SEPTEMBER IS PROVING to be my busiest workday on record. Twenty one full day seminars basically means that I will be out in front of an audience on every weekday of this month. It is for this reason that I hope you will forgive me for keeping this month’s blog a little shorter than usual.
Like many ex-pats in China who were not sent out here by a company, but rather came to the Middle Kingdom on somewhat of a mission of exploration, I started my life in Beijing as an English teacher (well, and an actor in television adverts, but that is a story for another time). For this blog I shall put my teacher hat back on temporarily in an effort to correct one of the many commonplace mistakes that I hear on an almost daily basis.
Do I speak of the ubiquitous ‘he and she’ misuse? Am I referring to the ‘sentence structure lottery’ whereby verbs, nouns and adjectives are selected at random from mobile phone translation apps and then squeezed into sentences with no obvious connection to neighbouring words? No, and in fact until I can structure a faultless sentence in Chinese, you won’t read anything about those issues in any of my blogs.
The next couple of hundred words will be dedicated to a word which I hear daily but rarely hear used correctly. In fact, I have heard so many different attempts to use this word that I am surprised that, purely on a ‘law of averages’ basis, I do not hear it used in the right form more than I do. The word in question is………… LACK.
Now, ‘lack’ can be used in different forms and in conjunction with various prepositions. This is what makes it difficult. So many options can easily lead to confusion. For this reason, I thought that I would set out a few guideline examples for you to use as you wish.
- We lack/ She lacks experience
- We are/ I am lacking in experience.
- We are/ My company is suffering from a lack of staff
At no point should we hear the phrase ‘We are lack of experience’ or ‘My company is lack staff”. These mistakes are so common that native speakers actually notice when you get it right rather than when you make the mistake. By using the word correctly your English level will appear more professional.

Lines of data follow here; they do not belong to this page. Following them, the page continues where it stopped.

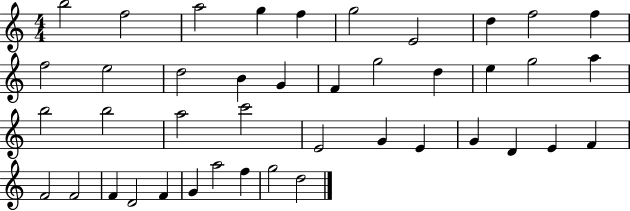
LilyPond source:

{
  \clef treble
  \numericTimeSignature
  \time 4/4
  \key c \major
  b''2 f''2 | a''2 g''4 f''4 | g''2 e'2 | d''4 f''2 f''4 | \break f''2 e''2 | d''2 b'4 g'4 | f'4 g''2 d''4 | e''4 g''2 a''4 | \break b''2 b''2 | a''2 c'''2 | e'2 g'4 e'4 | g'4 d'4 e'4 f'4 | \break f'2 f'2 | f'4 d'2 f'4 | g'4 a''2 f''4 | g''2 d''2 | \break \bar "|."
}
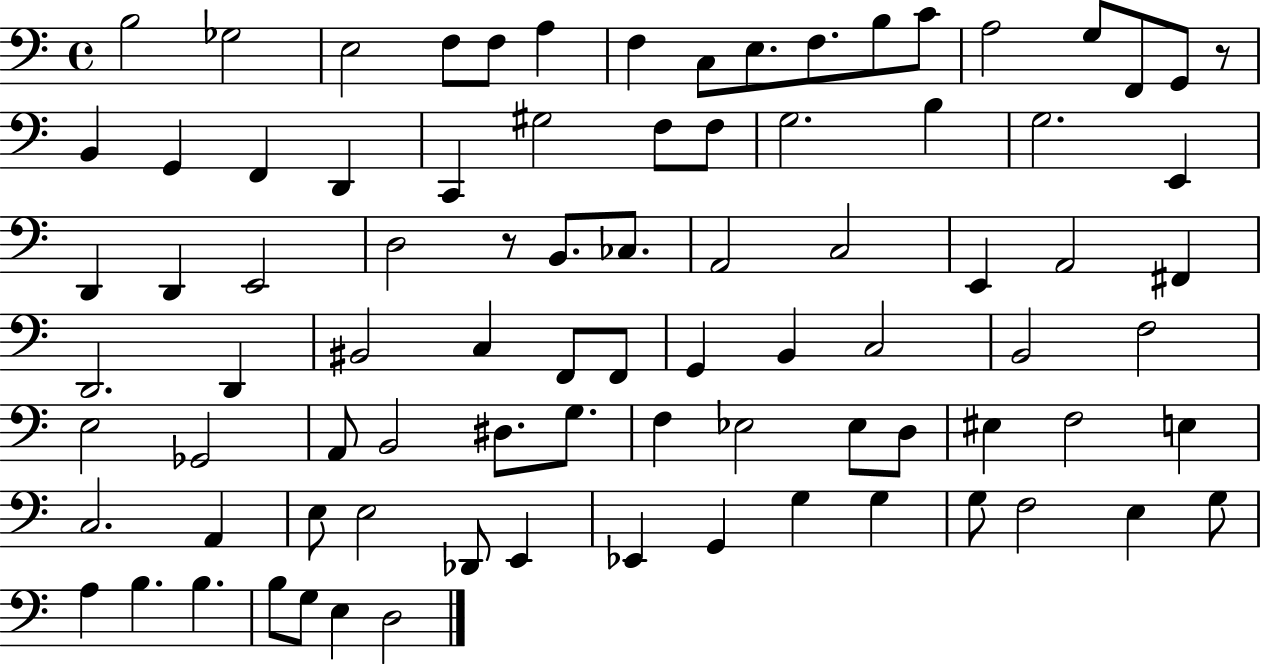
{
  \clef bass
  \time 4/4
  \defaultTimeSignature
  \key c \major
  b2 ges2 | e2 f8 f8 a4 | f4 c8 e8. f8. b8 c'8 | a2 g8 f,8 g,8 r8 | \break b,4 g,4 f,4 d,4 | c,4 gis2 f8 f8 | g2. b4 | g2. e,4 | \break d,4 d,4 e,2 | d2 r8 b,8. ces8. | a,2 c2 | e,4 a,2 fis,4 | \break d,2. d,4 | bis,2 c4 f,8 f,8 | g,4 b,4 c2 | b,2 f2 | \break e2 ges,2 | a,8 b,2 dis8. g8. | f4 ees2 ees8 d8 | eis4 f2 e4 | \break c2. a,4 | e8 e2 des,8 e,4 | ees,4 g,4 g4 g4 | g8 f2 e4 g8 | \break a4 b4. b4. | b8 g8 e4 d2 | \bar "|."
}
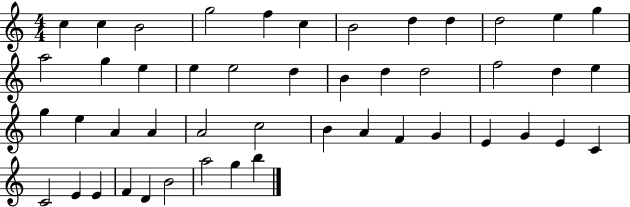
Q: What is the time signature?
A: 4/4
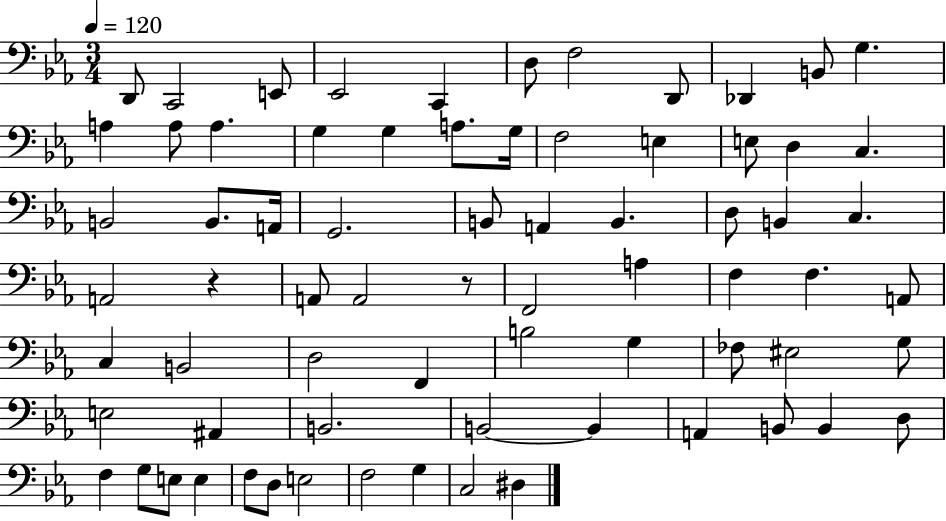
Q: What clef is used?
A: bass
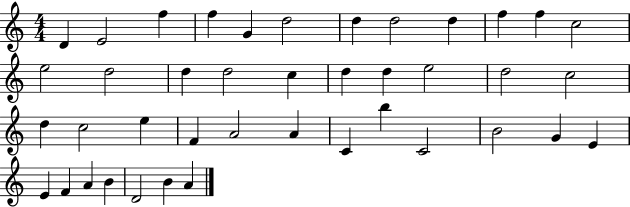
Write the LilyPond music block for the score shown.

{
  \clef treble
  \numericTimeSignature
  \time 4/4
  \key c \major
  d'4 e'2 f''4 | f''4 g'4 d''2 | d''4 d''2 d''4 | f''4 f''4 c''2 | \break e''2 d''2 | d''4 d''2 c''4 | d''4 d''4 e''2 | d''2 c''2 | \break d''4 c''2 e''4 | f'4 a'2 a'4 | c'4 b''4 c'2 | b'2 g'4 e'4 | \break e'4 f'4 a'4 b'4 | d'2 b'4 a'4 | \bar "|."
}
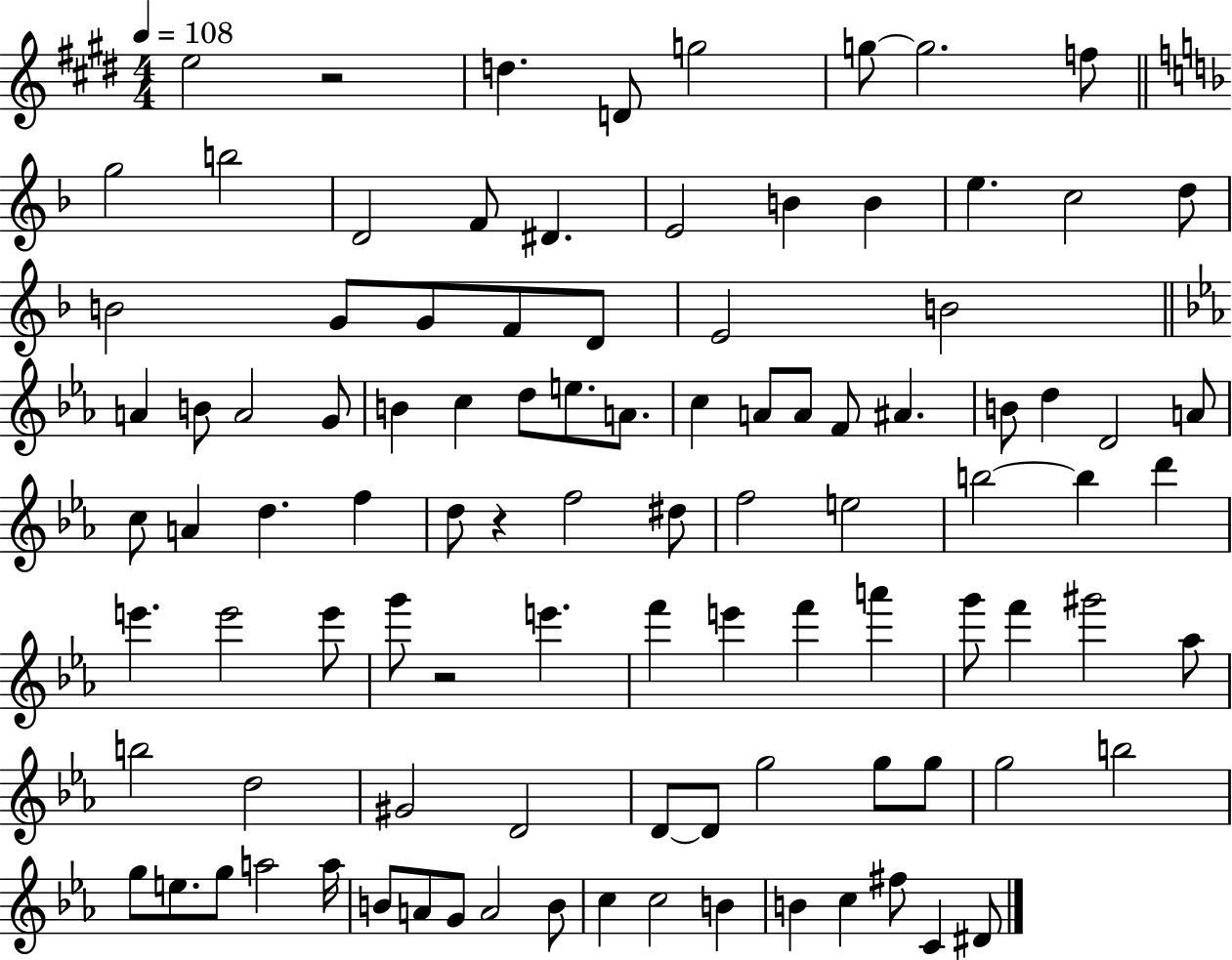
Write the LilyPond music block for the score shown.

{
  \clef treble
  \numericTimeSignature
  \time 4/4
  \key e \major
  \tempo 4 = 108
  e''2 r2 | d''4. d'8 g''2 | g''8~~ g''2. f''8 | \bar "||" \break \key d \minor g''2 b''2 | d'2 f'8 dis'4. | e'2 b'4 b'4 | e''4. c''2 d''8 | \break b'2 g'8 g'8 f'8 d'8 | e'2 b'2 | \bar "||" \break \key c \minor a'4 b'8 a'2 g'8 | b'4 c''4 d''8 e''8. a'8. | c''4 a'8 a'8 f'8 ais'4. | b'8 d''4 d'2 a'8 | \break c''8 a'4 d''4. f''4 | d''8 r4 f''2 dis''8 | f''2 e''2 | b''2~~ b''4 d'''4 | \break e'''4. e'''2 e'''8 | g'''8 r2 e'''4. | f'''4 e'''4 f'''4 a'''4 | g'''8 f'''4 gis'''2 aes''8 | \break b''2 d''2 | gis'2 d'2 | d'8~~ d'8 g''2 g''8 g''8 | g''2 b''2 | \break g''8 e''8. g''8 a''2 a''16 | b'8 a'8 g'8 a'2 b'8 | c''4 c''2 b'4 | b'4 c''4 fis''8 c'4 dis'8 | \break \bar "|."
}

There is of course an even easier solution and that is to use more positive language. You can eliminate any danger of using lack incorrectly by simply not using it at all. Instead of telling us what you do not have, tell us what you need. Therefore, ‘I lack experience’, which sounds negative and may be perceived as a weak excuse for not taking on a challenge, becomes ‘I need to get more experience’ or ‘I want to gain more experience’. The latter two sentences are much more proactive and suggest ambition and drive.
So, stand out from the crowd by using ‘lack’ correctly, or use positive language instead and show your foreign managers that you are solution oriented. Either way you win.